Separatist party wins power in Quebec
A separatist party won power in the French-speaking province of Quebec on Tuesday night, but another referendum to break away from Canada isn't expected any time soon after the Parti Quebecois failed to win a majority of legislative seats.
Parti Quebecois leader Pauline Marois, who becomes Quebec's first female premier, replaces Liberal Jean Charest, Quebec's leader for nearly a decade.
With opinion polls showing little popular appetite for a new separatist referendum, Marois herself has left much uncertainty about if and when one would be held under a PQ government.
But more autonomy for Quebec is high on the agenda for the PQ, which has said it would seek a transfer of powers from the federal government in areas like employment insurance and immigration policy. If those measures are rejected, the party believes it would have a stronger case for independence.
Without a majority in the Quebec Assembly, however, the PQ will need to work with other parties to pass legislation, and the results will undermine efforts to quickly hold a referendum on separation.
Quebec's official election website showed preliminary results giving the PQ just over 32 percent of the vote and 57 seats, while the Liberals had about 30 percent of the vote and 46 seats. A new party, Coalition Avenir Quebec, followed with 27 percent and 20 seats. The separatist Quebec Solidaire party won 2 seats.
A party needs to obtain 63 of the 125 seats to form a majority.
Charest, who lost his own seat, congratulated Marois for becoming Quebec's first woman premier, but noted it is a minority government.
"The result of this election campaign tonight speaks to the fact that the future of Quebec lies within Canada," Charest said. He did not indicate whether he intended to step down as Liberal leader after the defeat.
Quebec has held two referendums to split from Canada, in 1980 and 1995, the last narrowly rejecting independence. A recent poll showed support for independence under 30 percent, but analysts said voters were weary of the Liberals after three terms in office.
Canadian Prime Minister Stephen Harper congratulated Marois on her victory but said he did not believe the results meant most Quebecers favor separation.
"We do not believe that Quebecers wish to revisit the old constitutional battles of the past," Harper said in a statement.
"Our government will remain focused on jobs, economic growth and good economic management," Harper said. "We believe economic issues and jobs are also the priority of Quebecers. In that sense, we will continue working with the Government of Quebec on those common objectives."
Although a number of candidates from the smaller parties are separatists, a minority government means "the more radical things in the party platform are going to be dead on arrival," said Bruce Hicks, a political science professor at Concordia University in Montreal.
Francois Legault, a former PQ minister who now leads the Coalition Avenir Quebec, has showed little support for quickly holding a referendum, saying the separation issue has paralyzed the province for too long. He has said a referendum should be put off for at least a decade.
With the PQ just short of a majority, however, the party should be able to win support from other parties on a number of other issues, for instance by offering them cabinet positions, Hicks said.

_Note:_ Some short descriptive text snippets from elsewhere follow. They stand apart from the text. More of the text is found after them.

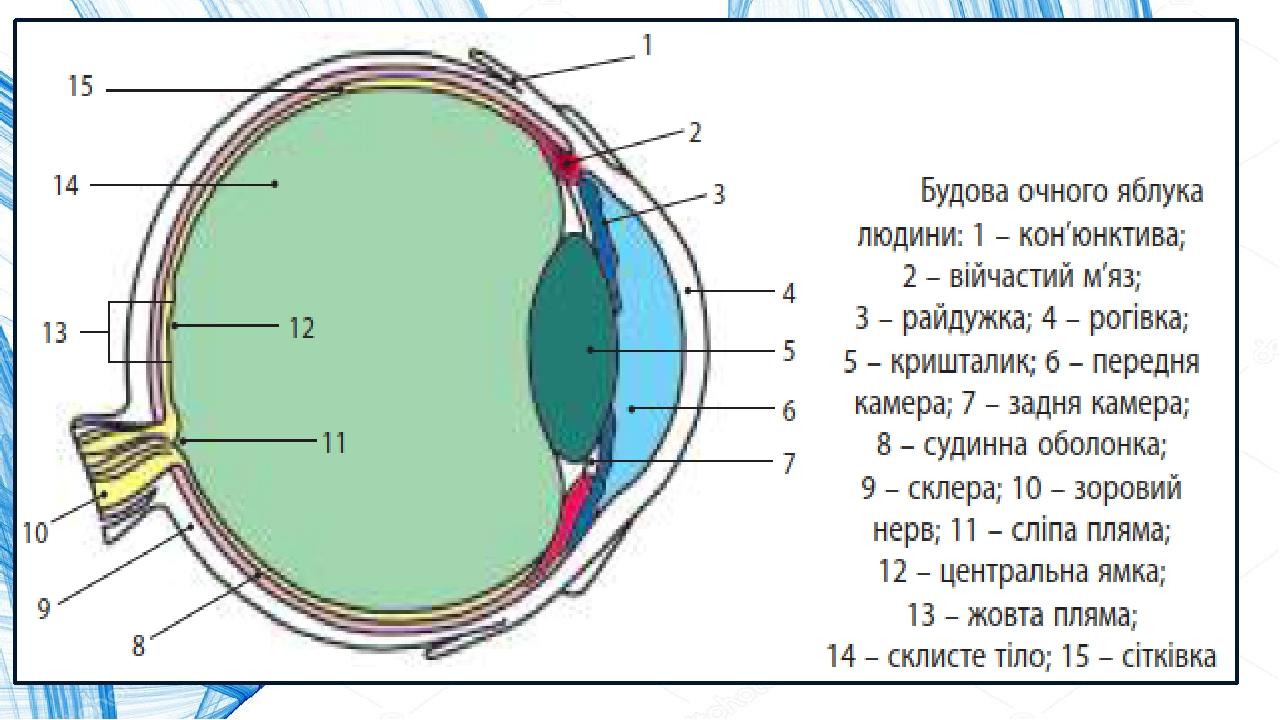 Гбц ока фото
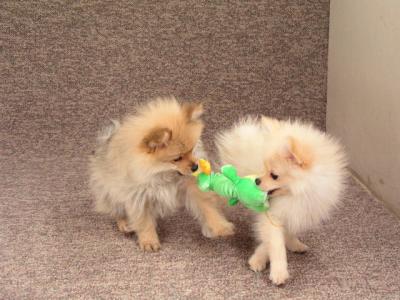 Mar11b_05_037.JPG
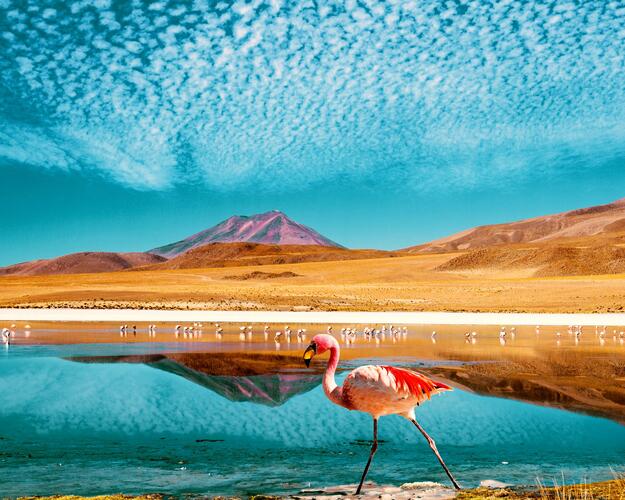 Bolivien, Ruta de las Joyas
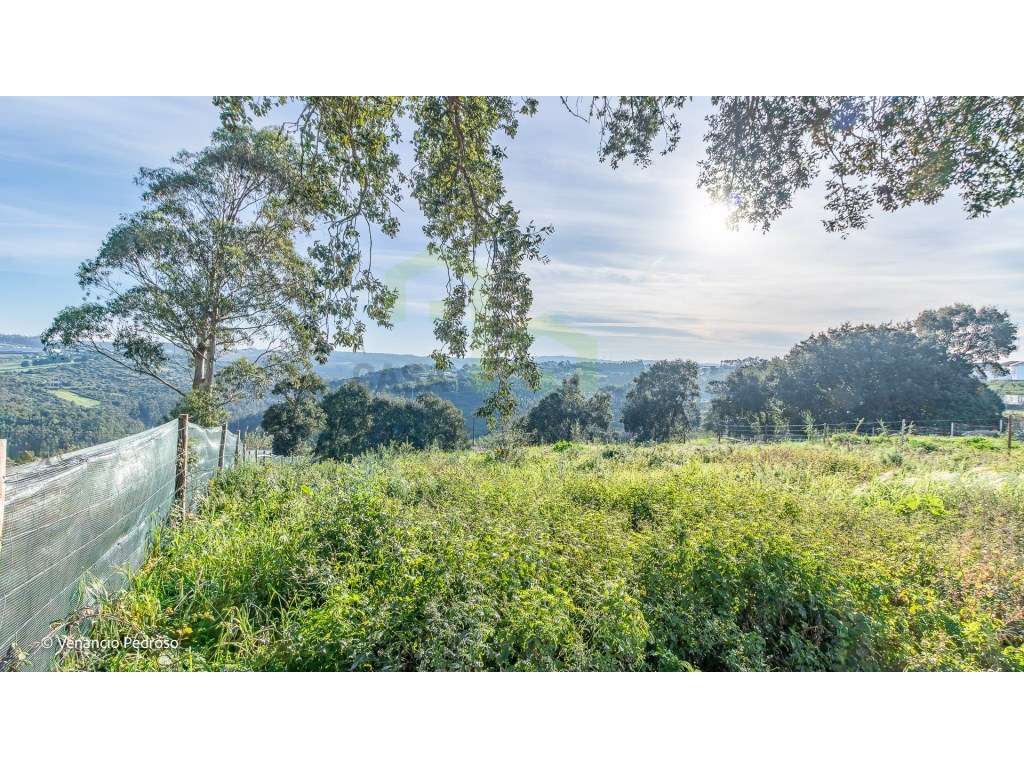 Lote - Ericeira 4 km, A Casa das Casas - Grande imagem: 4/7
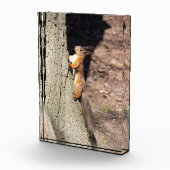 Cute red squirrel on a tree fotoblokken (Rechts)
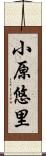 小原悠里 Scroll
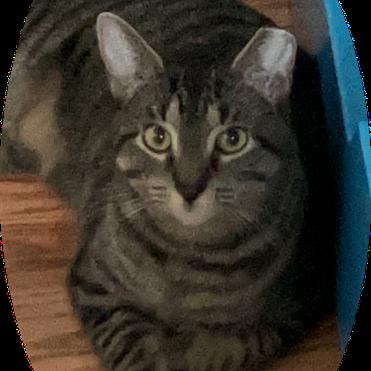 Enlarge Daisy bonded Mickey, a Adoptable Domestic Short Hair in Middle Village, NY image 3/4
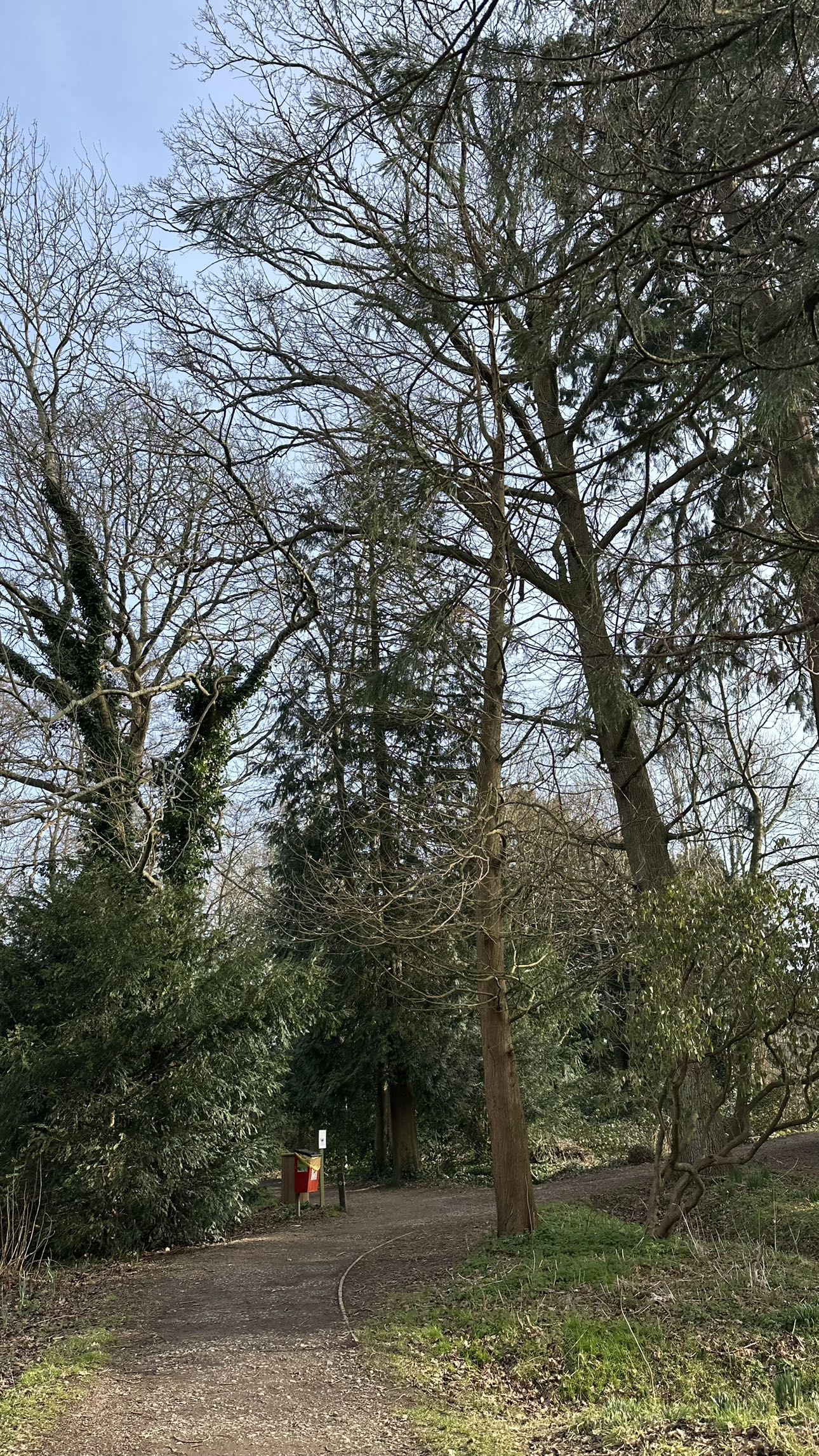 mira.0004 snapchat image archive image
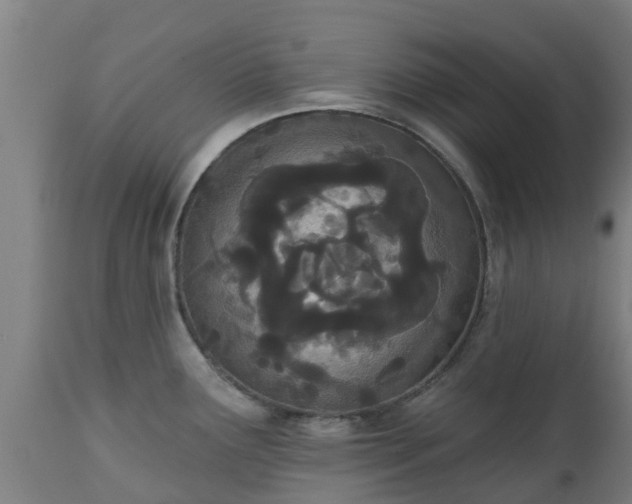 X0000112501291200908241340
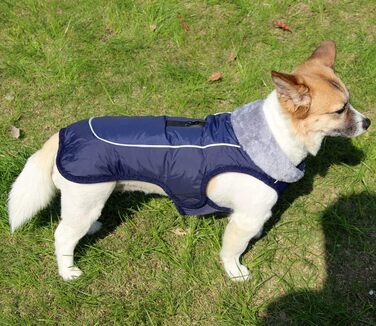 Флісова нашийникова стрічка JoyDaog для собак середніх порід, водонепроникна куртка з бавовни для холодних зим (M, Синій)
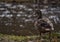 close-up of duck perching on field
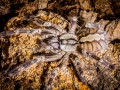 Poecilotheria smithi 1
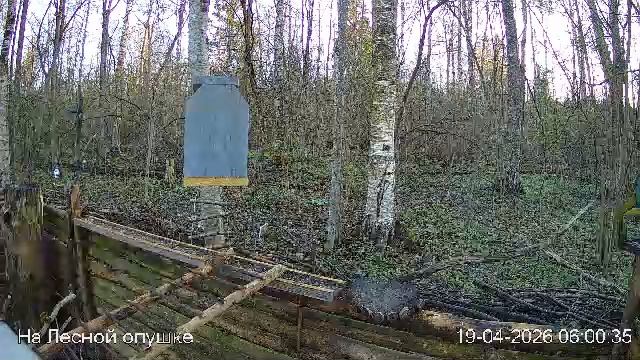 07a48180458b34b4ba47b5ef16172373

Charest called the election more than a year before he had to, citing unrest in the streets due to this spring's student protests over tuition hikes. The most sustained student protests ever to take place in Canada began in February, resulting in about 2,500 arrests.
Education was hardly a major topic during the campaign. Charest sought to focus voters on the need to maintain a stable government promoting job creation during troubled global economic times, instead of electing separatists who would create uncertainty. He stressed his province has largely been spared the economic hardships seen elsewhere in the West.
Marois, 63, was first elected to Quebec's National Assembly in 1981. She retired in 2006 but returned to become PQ leader a year later after her predecessor lost to Charest in an election that landed the PQ in third place. She in turn lost to Charest in 2008 but the 54-year-old Liberal leader seems to have lost his bet when he called early elections in August seeking a fourth mandate.
Police officers were visible in the streets of Montreal one day after hundreds of protesters banged pots in a show of disapproval of the Liberals.
Earlier in the day, Charest was jeered loudly during a campaign stop.